我遇到了一些我不太了解的微妙细节。假设以下示例,我正在开发一个删除死代码的工具:

int main(){
    if(1==0){
        neverexecutes();
    }
}

我将其转换为 AST ( pycparser ),当遇到 if 条件时,1==0我使用以下方法将其转换为 Z3:

def evaluate_ast(self, node: c_ast.Node):
        """Translates a c_ast.Node to a z3 predicate."""
        typ = type(node) 
        if typ == c_ast.BinaryOp:
            leftnode = self.evaluate_ast(node.left)
            rightnode = self.evaluate_ast(node.right) 
            
            if node.op == '&&':
                return And(leftnode, rightnode)
            elif node.op == '||':
                return Or(leftnode, rightnode)
            elif node.op == '==':
                return leftnode == rightnode 
            elif node.op == '<':
                return leftnode < rightnode
            elif node.op == '<=':
                return leftnode <= rightnode
            elif node.op == '>':
                return leftnode > rightnode
            elif node.op == '>=':
                return leftnode >= rightnode
            elif node.op == '!=':
                return leftnode != rightnode
            elif node.op == '/':
                return leftnode / rightnode
            elif node.op == '+':
                return leftnode + rightnode

        elif typ == c_ast.Assignment and node.op == '=':
            leftnode = self.evaluate_ast(node.lvalue)
            rightnode = self.evaluate_ast(node.rvalue) 
            
            return leftnode == rightnode
        (...)

1==0翻译成k!0并且求解器回答sat,这是不正确的。

如果我像这样改变对 C99 平等的处理:

elif node.op == '==':
     return And(leftnode == rightnode)

它有效,我假设我对所有二元运算符都有同样的问题。我在这里想念什么?一个只有False不应该的系统unsat?我认为这k!0只是对 Z3 中某些错误值的翻译。

我认为这也使我的问题更好一些:

>>> from z3 import * 
>>> s = Solver()
>>> s.add(False)
>>> s.check()
unsat
>>> s.reset()
>>> s.add(1==0)
>>> s.check()
unsat
>>> s.reset()
>>> s.add(Bool(1==0))
>>> s.check()
sat

False1==0和有什么区别Bool(1==0)

标签: pythonz3

解决方案

The problem here is that Bool takes a name and makes a symbolic value out of it. You need to use BoolVal instead. In these cases the sexpr method is your friend for debugging purposes:

>>> from z3 import *
>>> s = Solver()
>>> s.add(1==0)
>>> print(s.sexpr())
(assert false)

The above is OK, because the add method is smart to treat values correctly. You could've wrapped it around BoolVal for the same effect:

>>> from z3 import *
>>> s = Solver()
>>> s.add(BoolVal(1==0))
>>> print(s.sexpr())
(assert false)

But see what happens if you wrap it around Bool:

>>> from z3 import *
>>> s = Solver()
>>> s.add(Bool(1==0))
>>> print(s.sexpr())
(declare-fun k!0 () Bool)
(assert k!0)

And that is the essence of your problem. (Looks like z3 is coming up with an internal name k!0 since 1==0 isn't a valid SMTLib name here. Which adds to the confusion.)

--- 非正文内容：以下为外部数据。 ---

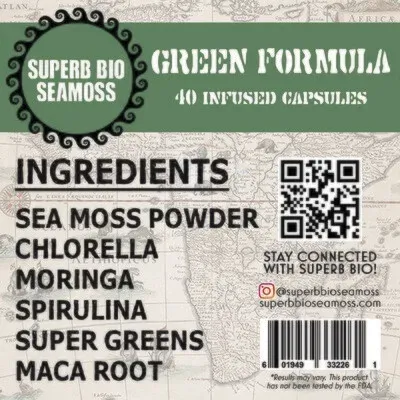 Green Formula Capsules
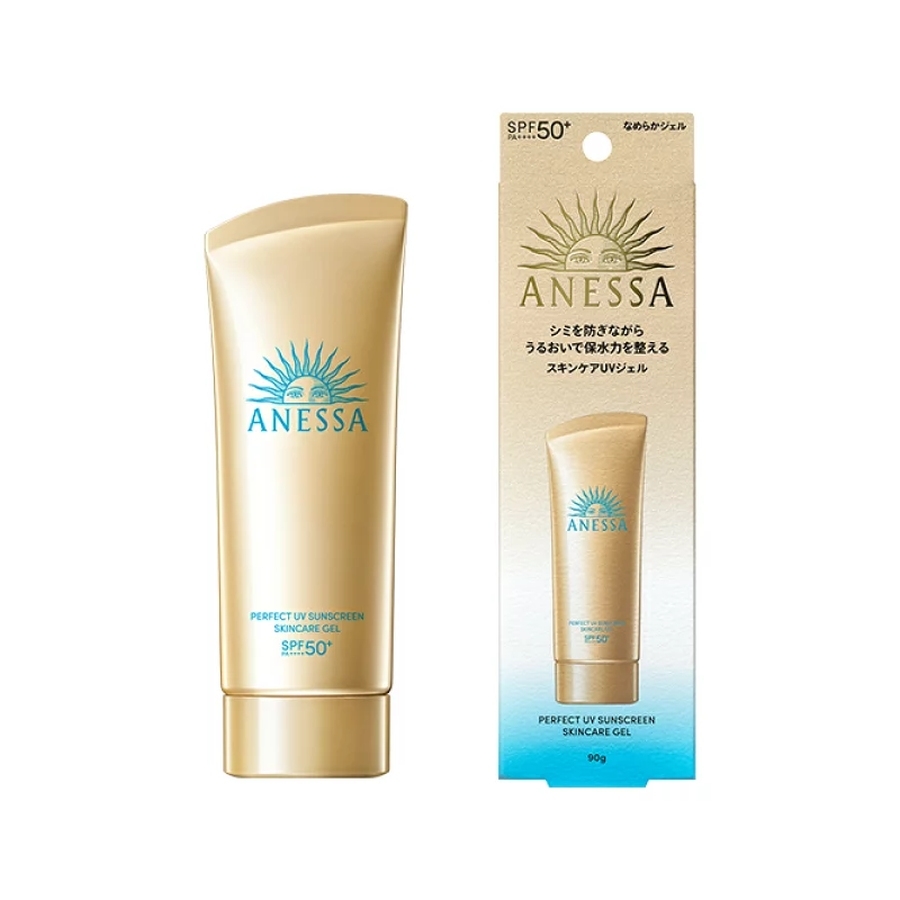 Gel Chống Nắng Anessa Perfect UV Sunscreen Dưỡng Ẩm Bảo Vệ Hoàn Hảo 90g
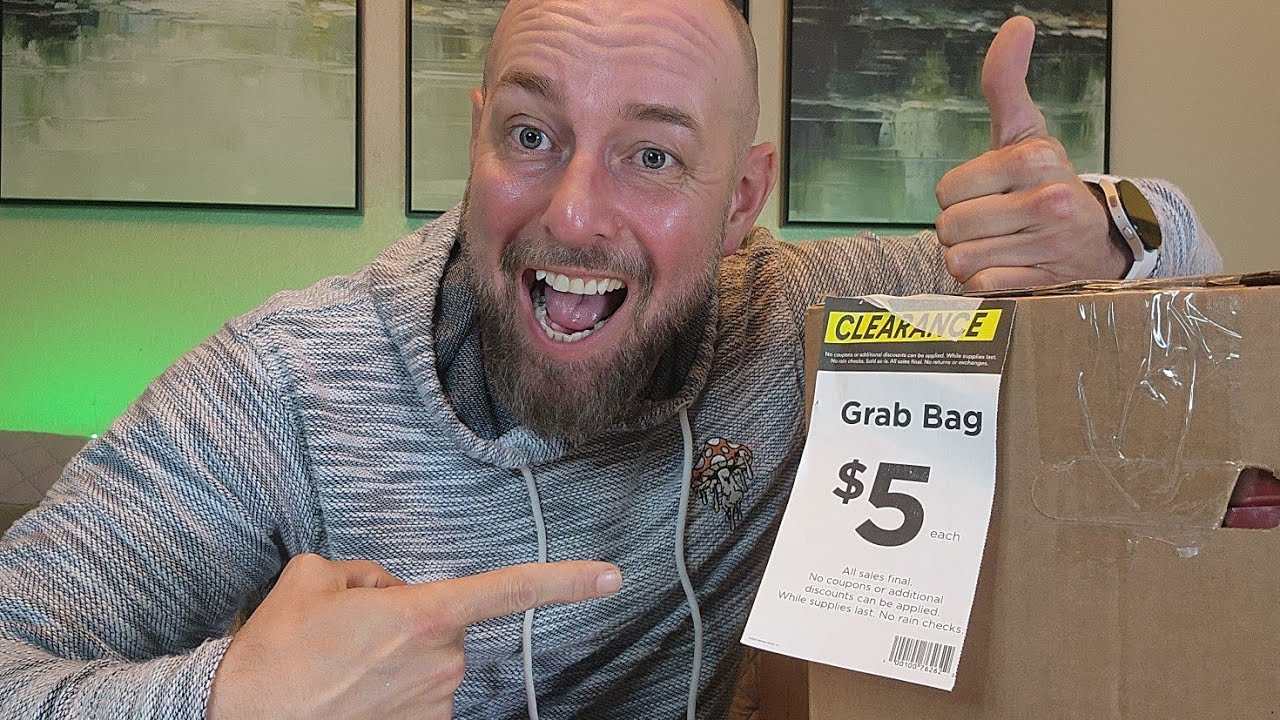 Michael's $5 Mystery Grab Bags (Boxes) ep 1, 4/2025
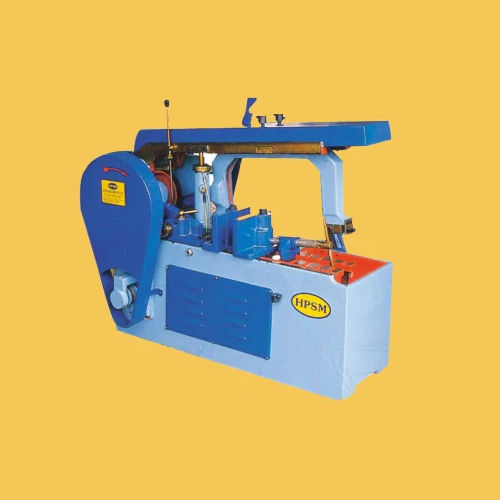 Blue Hydraulic Power Hacksaw Machine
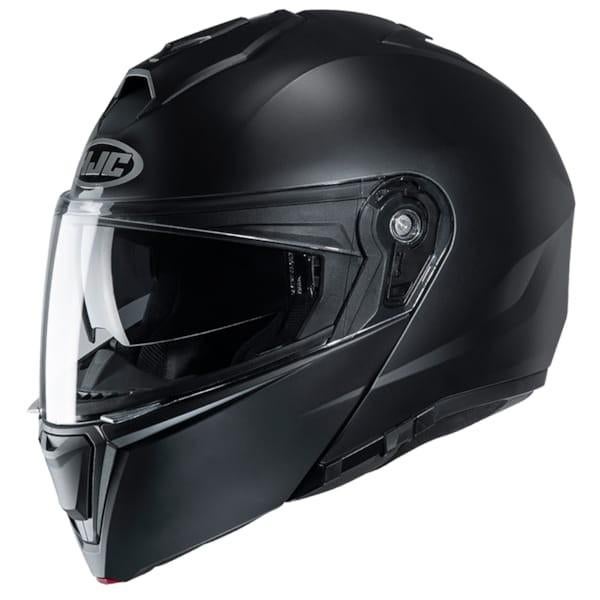 Casque moto HJC I90 taille M, Motos, Seconde main, HJC, Enlèvement, Casque système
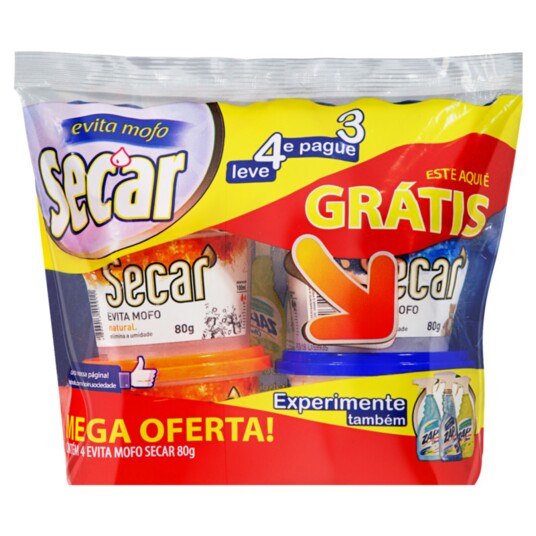 Evita Mofo Secar 80g Lv4pg3 Natural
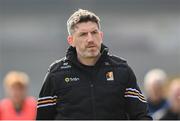 9 March 2025; Kilkenny manager Derek Lyng during the Allianz Hurling League Division 1A match between Kilkenny and Tipperary at UPMC Nowlan Park in Kilkenny. Photo by Stephen McCarthy/Sportsfile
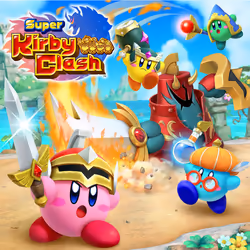 Nintendo Code à télécharger - Super Kirby Clash - 1000 Pommes-joyaux Standard Nintendo Switch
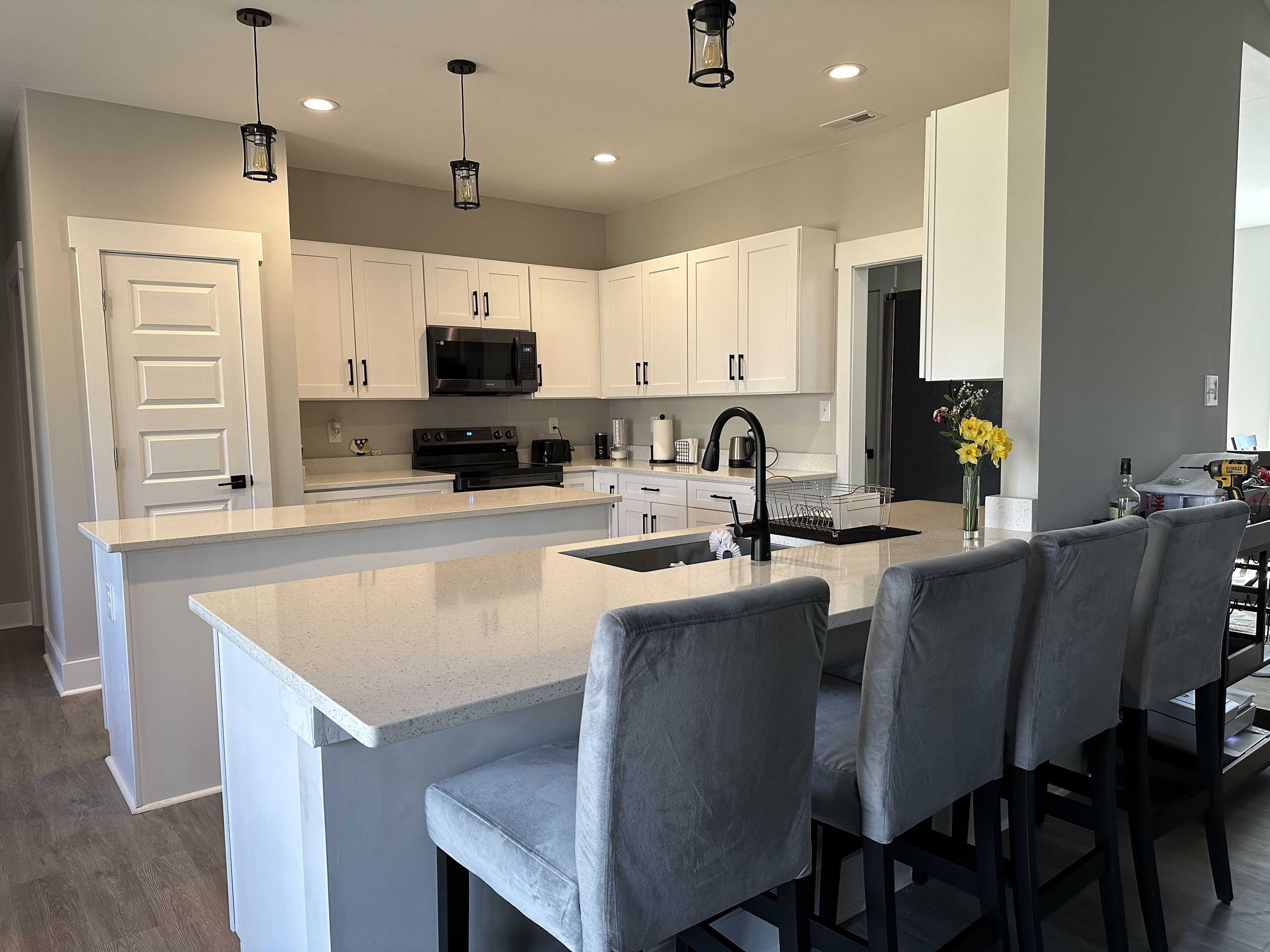 Charming wooded home away from home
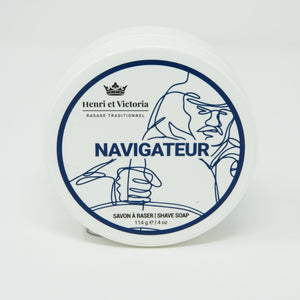 Henri et Victoria – Navigateur - Shave Soap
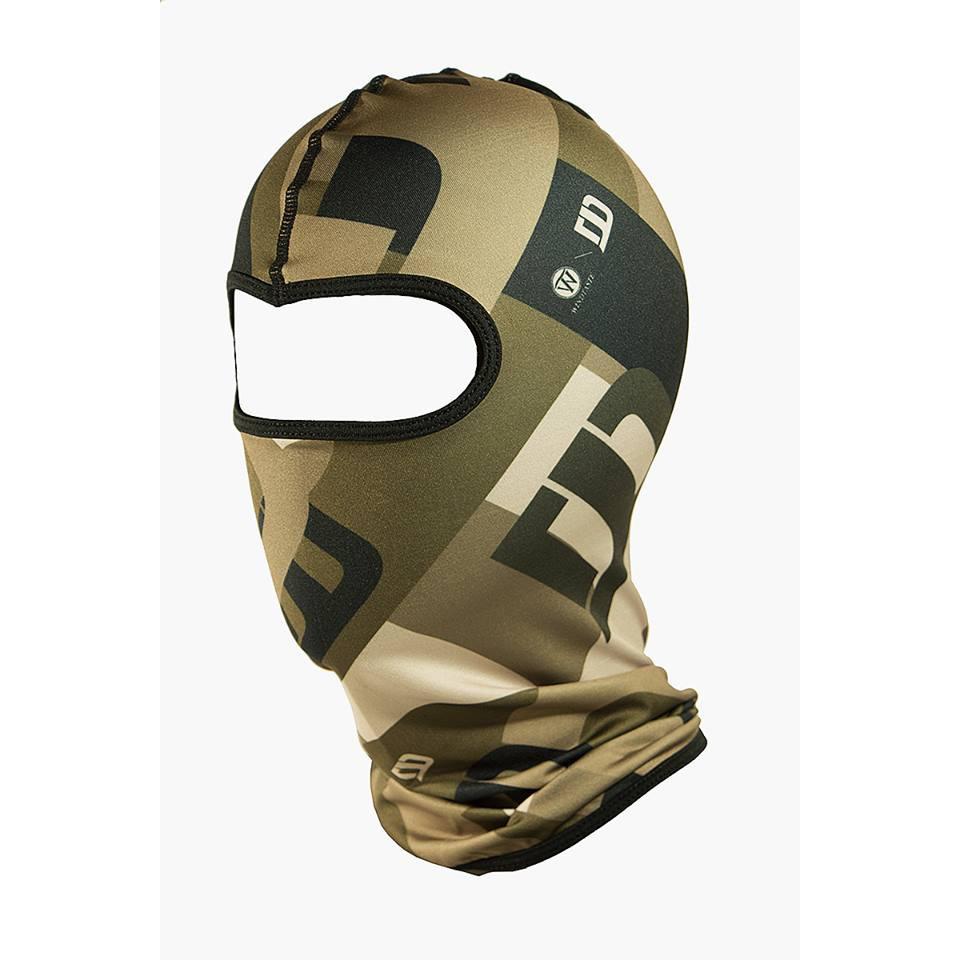 Dr. Jones Camo Green | โม่งปิดหน้า ดอกเตอร์โจนส์ รุ่น คาโม สีเขียว หมวกกันน็อค หมวกกันน็อคเด็ก หมวกกันน็อคผู้ใหญ่ หมวกกันน็อค 3 กระดุม หมวกกันน็อคเต็มใบ  หมวกกันน็อคครึ่งใบ ของแท้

Note that z3py has similar functions for Int/IntVal, BitVec/BitVecVal, Real/RealVal etc. that you have to be careful with similarly.

This is one of the weakest points of z3py unfortunately: Due to Python's untyped nature, different functions try to interpret all sorts of inputs you can provide and they are sometimes inconsistent and it can be very hard to detect and debug such issues. If you suspect something is off printing s.sexpr() is your best friend. (A similar recent bug was reported here and subsequently fixed, for instance.)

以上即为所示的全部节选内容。